Toss the term: Although this is purely psychological, get rid of the term writer’s block. It has become a comfort food, the Cherry Garcia ice cream of the author world. Can’t write? Blame that term which we shall not say again. Missed your deadline? Ditto. Ruts are hard to escape, but taking that unspeakable term out of play is a good start.
Check your expectations: What do you want from your writing? Most of my struggles in the past, when trying to make something ooze out onto the computer screen, had to do with expectations. I wanted my prose to be perfect the first time; I wanted to sell it last week; and I wanted to star in my own cheesy book trailer. When that didn’t happen immediately, my fingers froze.
Fast forward to now. I write first drafts knowing they’ll be awful; I know it’ll take time to get my work sold (mostly); and I still want to star in my own cheesy book trailer. The point is that expectations cause many writers to mentally give up. Write like you, and expect the first draft to need massive reconstructive surgery.
Switch gears without regret: If the only thing getting done during your “writing time” on a particular project is Twitter and Facebook, try something else. Dig out that plot idea you had in high school or that fantasy world map you doodled on a napkin or that blog post you’ve meant to work up. Slog through that for a few hours and just get words down. You may never use any of it, but don’t feel bad about needing something different. Writing anything is the point—even what you can’t keep.

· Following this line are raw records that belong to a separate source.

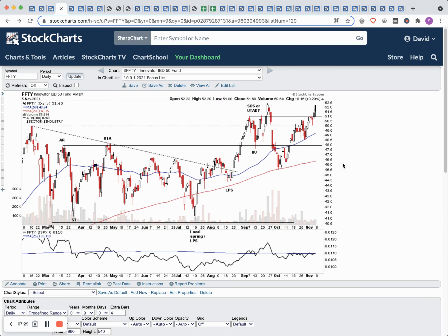The IBD 50 is another index I look at quite regularly. I've been highlighting this one for a while — all the way back from the selling climax in May with the automatic rally and secondary tests. With Wyckoff, this is what we call a phase A area. Then we moved into the phase B testing area, with some upthrust action and a local spring back in July, followed by the last point of support and then a sign of strength rally.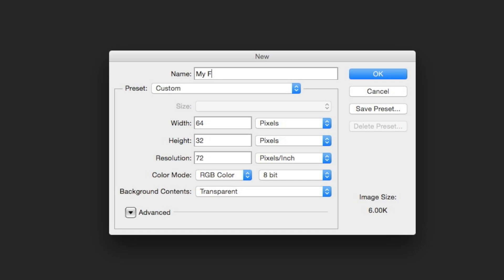Okay, let's get started. First create a new document in Photoshop, put in a nice name and remember to set the resolution at 72 pixels by inch.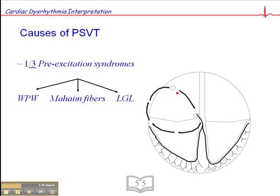What happens typically in most cases of WPW is the impulse originates from the SA node and travels down to the AV node and the bundle of His. While the impulse is traveling off to both bundle branches, it also circles back around and travels back up the accessory pathway to the SA node, forming a circus movement tachycardia. When the impulse travels down the AV node and bundle of His and back up the accessory pathway, we typically see a narrow QRS tachycardia.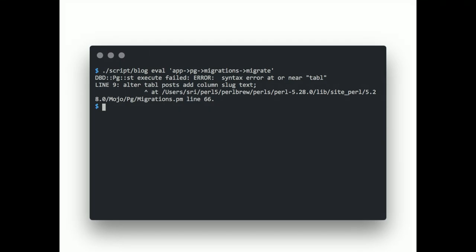So, if you use the eval command to manually migrate. You would see an error like this. If something went wrong. Like the very obvious typo there.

Look for the holes: There’s a sixth sense that goes with writing: knowing when there are plot holes and other road hazards (which is admittedly not as cool as ESP or sensing electrical currents). As an editor, I get paid to make them obvious and/or disappear, but your own writer’s sense can manifest itself by not being able to go forward. When you hit the wall, turn around and see if the path you’ve taken is problematic. Rewriting is writing, too.
The point is to write on purpose—something, anything. Tell yourself that there’s no such thing as [that term we shall not mention] and then keep your fingers moving.